Um dos temas intrigantes da reforma da Previdência de 2019 foi, além de renomear a aposentadoria por invalidez para aposentadoria por incapacidade permanente, ter mexido no seu valor.
Enquanto por décadas a etiologia do adoecimento não tinha qualquer relevância no valor do benefício, a partir da redação do art. 26 da Emenda Constitucional n. 103/2019 se deu a discriminação em remunerar com percentual de 100% do salário de benefício os casos de invalidez decorrentes de acidente de trabalho, doença profissional ou do trabalho.
As demais doenças são calculadas com 60% do salário de benefício e acréscimo de dois pontos percentuais para cada ano de contribuição que exceder o tempo de 20 anos de contribuição para segurados homens ou 15 anos de contribuição para seguradas mulheres.
Isso permite que o segurado —que se torne inválido— só terá direito à integralidade se tiver no histórico, ao menos, 40 anos de contribuições pagas ao INSS para os homens e 35 anos para as mulheres.
A ministra Rosa Weber, do Supremo Tribunal Federal, proferiu decisão que altera essa forma de cálculo. Ela confirmou decisão do tribunal paranaense, que, por sua vez, julgou inconstitucional o texto da reforma e permitiu aumentar o valor da aposentadoria de 60% para 100%.
No julgamento do Recurso Extraordinário n. 1.360.286, a relatora Rosa Weber entendeu que a forma de cálculo da aposentadoria por incapacidade permanente seria um assunto a ser resolvido nas instâncias inferiores. É como se a ministra tivesse lavado as mãos sobre esse assunto, ao entender que não seria um tema da alçada do Supremo.
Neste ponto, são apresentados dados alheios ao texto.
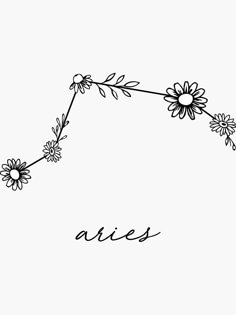 the word aris written in black ink with daisies on it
Ainda que o problema tivesse chegado lá justamente em razão de recurso do INSS, que foi obrigado a aumentar o valor do benefício por conta da inconstitucionalidade do cálculo reconhecida na justiça paranaense.
A diferenciação normativa promovida entre o adoecimento provocado pela atividade profissional e as outras doenças surgidas por razões diversas não foi a única distorção que tornou sem efeito a reforma, pelo menos entre as partes daquele processo.
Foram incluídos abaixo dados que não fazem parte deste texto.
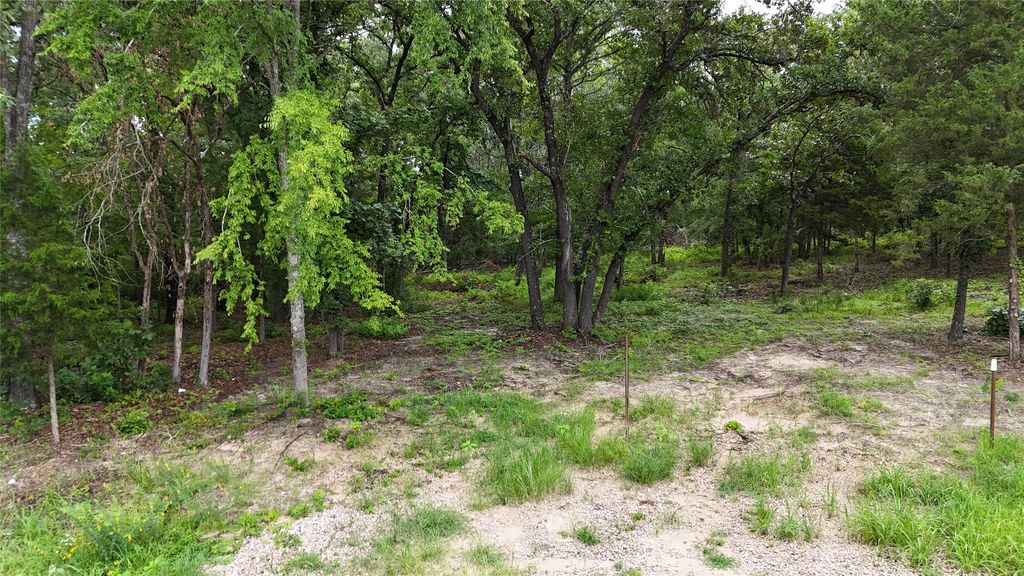 TR 3 Valle Vista Drive, Athens, TX 75751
A discussão também trouxe à tona outro assunto: a reforma previdenciária permite em alguns casos que o cálculo do auxílio-doença (atualmente, benefício por incapacidade temporária) seja maior que a própria invalidez.
É que a Emenda Constitucional n. 103/2019 não alterou a renda do auxílio-doença, o qual permanece equivalente a 91% do salário de benefício, limitado à média aritmética simples dos últimos 12 salários de contribuição. E essa sistemática é mais benéfica em alguns casos do que a própria aposentadoria por invalidez.
A decisão pode trazer repercussão em milhares de outros casos, principalmente em quem somente teve reconhecida a invalidez a partir de 12 de novembro de 2019 e passou a ganhar até 40% menos com essa novidade.
A forma de cálculo instituída na reforma é um paradoxo, pois, mesmo considerando que o país tem alta taxa de sinistralidade decorrente de acidente de trabalho, a nova ordem constitucional é justamente mais vantajosa com os benefícios acidentários em detrimento dos previdenciários, além de em alguns casos o benefício temporário ser maior que o da própria aposentadoria que reconheceu a invalidez.